# Rubik's 360 knockoff on ebay



## stiwi griffin (Jan 2, 2010)

in one of the adds of the form i just saw this:





for the colours i supose it's a knokoff, but still....

i can have it for 0.07€!!!, but i have a good one


----------



## DavidWoner (Jan 2, 2010)

+$6 shipping, and it doesn't actually function like a real 360.


----------



## Tim Major (Jan 2, 2010)

I don't see a buy it now symbol. There's a thing called "starting bid".


----------



## Hyprul 9-ty2 (Jan 2, 2010)

Looks like Weezing.


----------



## stiwi griffin (Jan 2, 2010)

ZB_FTW!!! said:


> I don't see a buy it now symbol. There's a thing called "starting bid".



yes, but...have you seen when does it ends???


----------



## cookingfat (Jan 2, 2010)

Don't bother, it looks awful.


----------



## LNZ (Jan 2, 2010)

I would assume that the Rubik's 360 is still under 15 years of patent protection. So that Rubik's 360 is probaly a KO. 

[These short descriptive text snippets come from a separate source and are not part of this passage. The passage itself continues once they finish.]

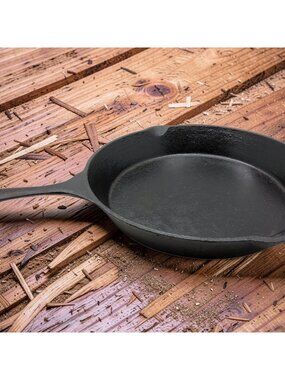 Vintage Cast Iron Handled 11.5" Deep Seasoned Frying Pan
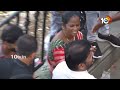 LIVE: సాదాసీదాగా వచ్చి అందరినీ ఆశ్చర్యపరిచిన రేవంత్‌ | CM Revanth at Tank Bund Ganesh Nimajjanam  - 00:00 min - News - Video
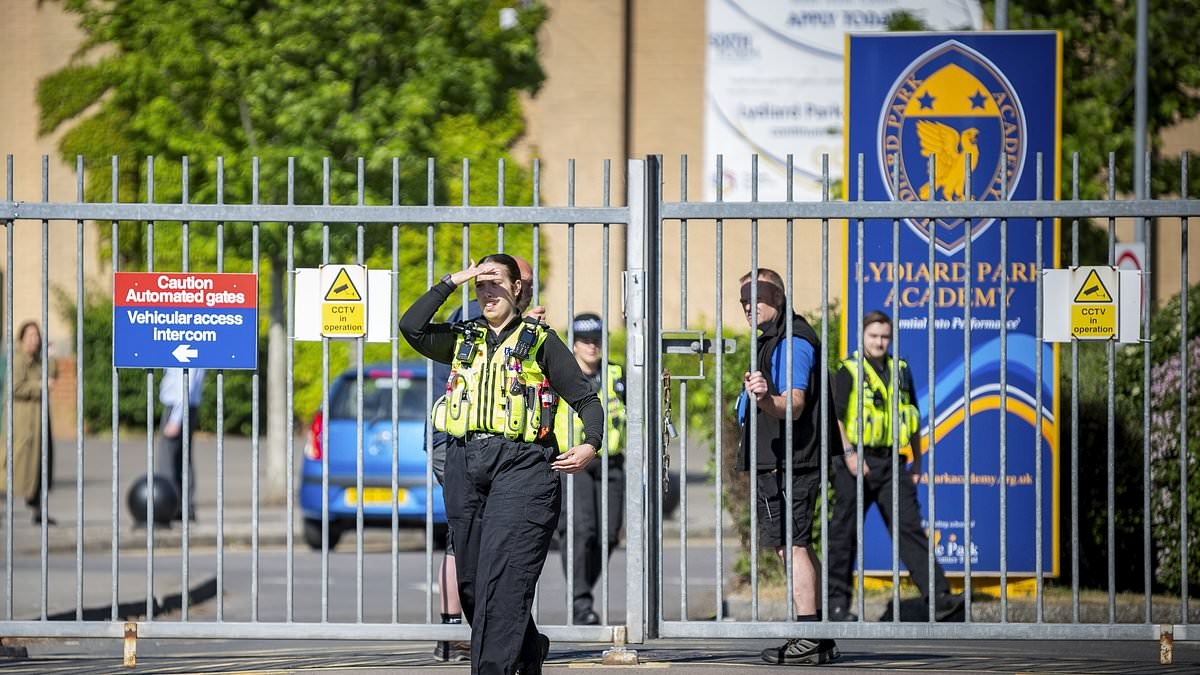 School is evacuated over 'bomb threat' sent to staff with police warning parents to stay away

You can buy a real Rubik's 360 at most department stores.


----------



## FatBoyXPC (Jan 2, 2010)

They're like $12-15 in the US at Toys R Us, Target, etc. That's what, €8-10? That's not too bad.


----------



## shelley (Jan 2, 2010)

Hyprul 9-ty2 said:


> Looks like Weezing.











Spoiler


----------



## Logan (Jan 2, 2010)

shelley said:


> Hyprul 9-ty2 said:
> 
> 
> > Looks like Weezing.
> ...



BEST. POST. EVAR!


----------



## iSpinz (Jan 2, 2010)

Logan said:


> shelley said:
> 
> 
> > Hyprul 9-ty2 said:
> ...



Genius.


----------



## James Ludlow (Jan 2, 2010)

Don't even bother with it. I got one thinking it was real, and could solve it in about 20secs. The real challenge was resetting it.

Do not waste your $0.07 on this. Its really not worth it.


----------



## stiwi griffin (Jan 2, 2010)

i'm not going to buy it because, as i said, i have an original one, i just posted this because it shocked me


----------



## IamWEB (Jan 3, 2010)

Why aren't you people gonna buying this? I have to add this to my collection! Gotta catch 'em all!


----------



## Ryanrex116 (Jan 3, 2010)

Once I accidently got a KO, and they can be seperated in half way too easily. It dropped, and everything fell out into an unfixable mess. Bottom line: GET THE REAL THING.


----------



## Stefan (Jan 3, 2010)

Ryanrex116 said:


> Bottom line: GET THE REAL THING.


Do you mean people should get a real one or do you mean people shouldn't get a fake one?


----------